`openinterp` — Python SDK + CLI for openinterp.org

Search the feature Atlas, generate Traces from your own SAE, rank against the public InterpScore leaderboard.

· Python ≥ 3.10 · Apache-2.0

Install

pip install openinterp              # lite: Atlas + CLI (no torch, ~2 MB total)
pip install "openinterp[full]"      # + torch/transformers/safetensors for trace generation

Requires Python ≥ 3.10.

Part of a 5-repo ecosystem

Repo	What's in it
`.github`	Org profile + shared CoC + SECURITY
`web`	Next.js site behind openinterp.org
`notebooks`	23 training + interpretability notebooks
`cli` (you are here)	`pip install openinterp` — Python SDK
`mechreward`	SAE features as dense RL reward

Quick start

Search the Atlas (offline, zero GPU)

$ openinterp atlas "overconfidence"

                    Atlas results: 'overconfidence'
┏━━━━━━━━━┳━━━━━━━━━━━━━━━━━━━━━━━━━┳━━━━━━━━━━━━━━━━━━━┳━━━━━━━┳━━━━━━━━━━━━
┃ ID      ┃ Name                    ┃ Model             ┃ AUROC ┃ Description
┡━━━━━━━━━╇━━━━━━━━━━━━━━━━━━━━━━━━━╇━━━━━━━━━━━━━━━━━━━╇━━━━━━━╇━━━━━━━━━━━━
│ f2503   │ overconfidence_pattern  │ Qwen/Qwen3.6-27B  │  0.54 │ Definitive…
│ f1847   │ urgency_assessment      │ Qwen/Qwen3.6-27B  │  0.68 │ Time-critic…
└─────────┴─────────────────────────┴───────────────────┴───────┴────────────

>>> from openinterp import search_features
>>> features = search_features("overconfidence", model="Qwen/Qwen3.6-27B")
>>> features[0].id
'f2503'

Generate a Trace from your own SAE

pip install "openinterp[full]"

openinterp trace \
    --model google/gemma-2-2b \
    --sae-repo YOUR_HF_USER/gemma2-2b-sae-first \
    --prompt "The capital of France is" \
    --layer 12 \
    --d-model 2304 --d-sae 16384 --k 64 \
    --out my_trace.json

This:

Loads the base model in bf16 with SDPA (no flash-attn)
Loads your SAE from HuggingFace (sae_lens safetensors format)
Generates tokens, captures residuals at layer 12
Applies the SAE, picks top-10 active features
Writes a Trace JSON matching openinterp.org/observatory/trace byte-for-byte

Python API

from openinterp import generate_trace

trace = generate_trace(
    model_id="google/gemma-2-2b",
    sae_repo="YOUR_HF_USER/gemma2-2b-sae-first",
    prompt="The capital of France is",
    layer=12,
    d_model=2304,
    d_sae=16384,
    k=64,
)

print(trace.model_dump_json(indent=2))   # Trace Theater schema

With feature labels from notebook 04

# After running 04_discover_features.ipynb (emits feature_catalog.json):
openinterp trace ... --catalog feature_catalog.json

Trace features inherit names from your catalog.

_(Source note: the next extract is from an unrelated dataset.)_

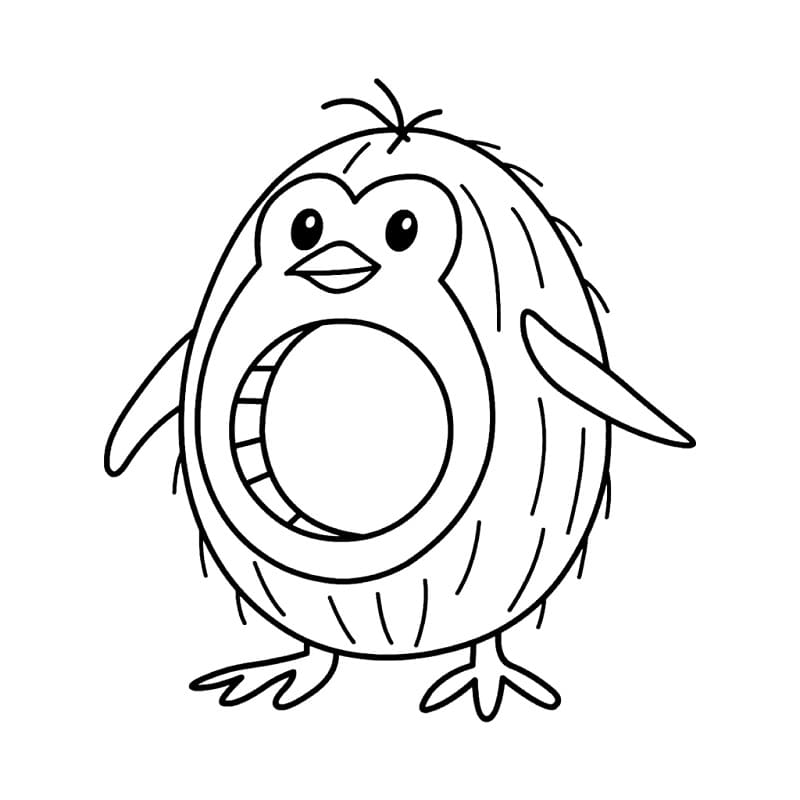 Coloriage Penguino Cocosino de Brainrot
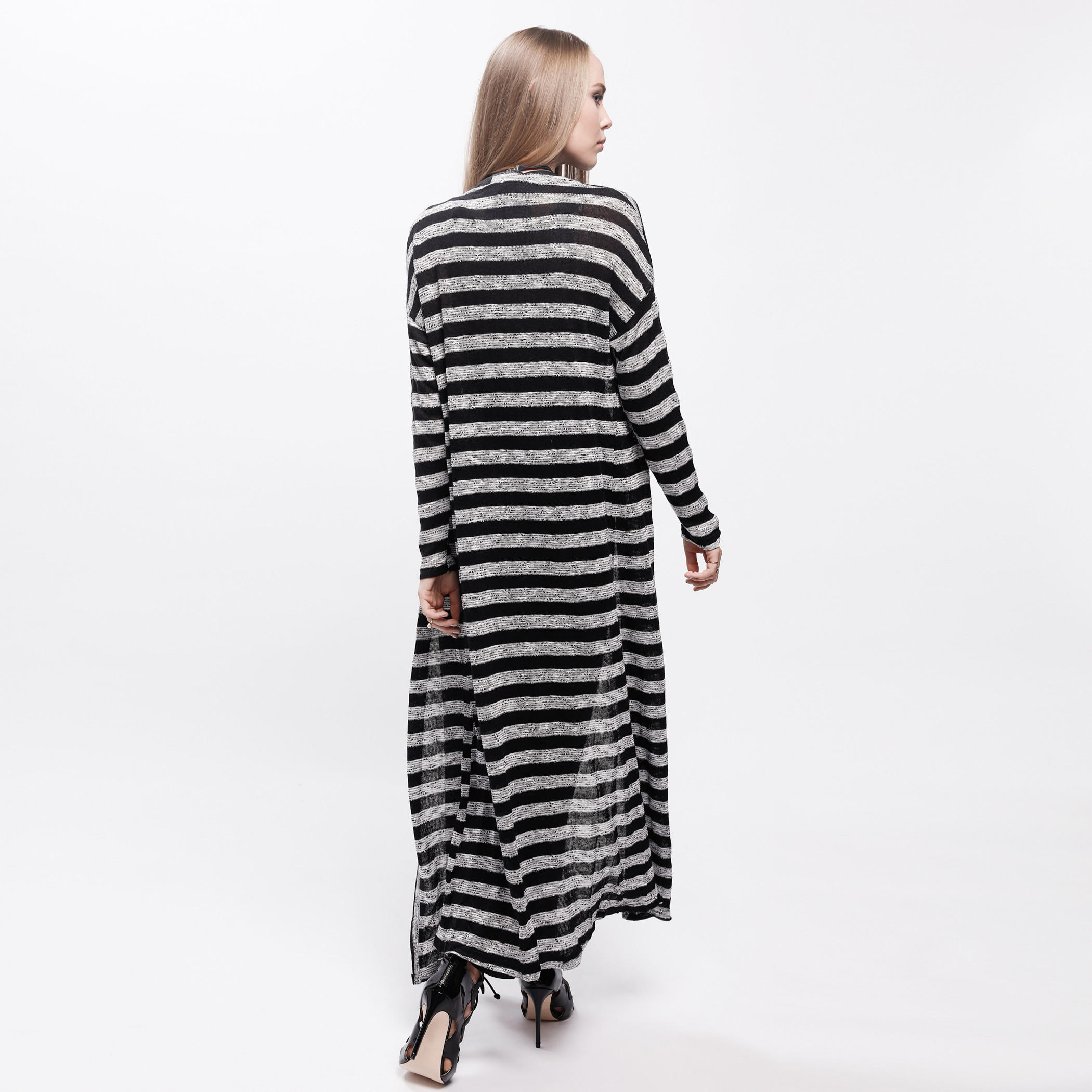 Striped Cardigan with Long Sleeves and Open Front-women-winterwear-cardigansandjumpers-cardigans-image-2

FabricationGuard (v0.2.0+)

Production hallucination probe on Qwen3.6-27B. AUROC 0.88 cross-task on SimpleQA, −88% confident-wrong reduction in mitigation mode, ~1ms scoring latency.

from openinterp import FabricationGuard

guard = FabricationGuard.from_pretrained("Qwen/Qwen3.6-27B")
output = guard.generate("Who won the 2003 Nobel Prize in Aerodynamics?", mode="abstain")
# → "I don't have reliable information to answer this confidently."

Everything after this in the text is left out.